Facility Managers Say Companies Are Taking Action to Increase Data Center Efficiency
It's called a "death spiral" — a self-reinforcing and ultimately destructive cycle of factors that drive costs ever higher. The term comes from the health insurance industry. As premium and out-of-pocket costs rise for a health insurance plan, the healthiest individuals leave. Costs climb, more members leave ... the spiral continues until the plan becomes unaffordable.
Something comparable to a death spiral has been driving up energy costs in data centers over the past decade. Increasingly powerful servers and other IT equipment have opened the door to more sophisticated software. Each generation of software offers companies a competitive advantage, making it more critical to have the newest upgrade, plus the latest and greatest hardware to support it. That hardware, meanwhile, has been getting both smaller and hotter. As a result, data centers have had to contend with more servers in the same amount of space, each server demanding more cooling than the unit it replaced. The result is an upward spiral of energy costs, which has risen to the point that top management in a growing number of organizations has taken note.

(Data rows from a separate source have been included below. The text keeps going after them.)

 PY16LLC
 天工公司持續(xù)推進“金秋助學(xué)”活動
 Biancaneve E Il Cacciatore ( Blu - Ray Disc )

In a survey of Building Operating Management readers about measures to control energy use in data centers, the results suggest that there has been a jump in the willingness of organizations to invest in data center energy efficiency.
What's more, our survey indicates the extent to which energy efficiency practices are being adopted, offering benchmarks that facility managers can use when planning to build new data centers or renovate existing ones.
Investing in Efficiency
Facility managers can talk all they want about the rising cost of energy consumed in data centers, but until top management starts paying attention there's little chance that a company is going to invest in efficiency. Our survey makes it clear that much of top management is focusing on energy use in data centers. Nearly half of respondents — 47 percent — described top management as very concerned about energy efficiency in data centers, while most of the other respondents — 42 percent — said top management was somewhat concerned.
It's worth noting that energy costs are only part of the picture. "It's also that people want to be perceived to be green," says R. Stephen Spinazzola, vice president, RTKL Associates. Companies are measuring their carbon footprints and finding out just how big an impact the data center has. "They have to do something in the data center if they want to be perceived as a good corporate citizen."
New Outlook on Payback
That environmental impact, combined with skyrocketing energy costs, has changed the way that many companies think about data center energy use. Spinazzola says that about half of his clients are now willing to look at longer payback periods than in the past. "We're looking at paybacks now in the five to seven year timeframe, instead of the traditional one to two," he says.
Our survey bears out the idea that companies are willing to make a bigger upfront investment to obtain better energy efficiency. For data centers now in design or under construction or renovation, energy savings were much more likely to justify paying a first-cost efficiency premium than was the case with data centers constructed or renovated in the past three years.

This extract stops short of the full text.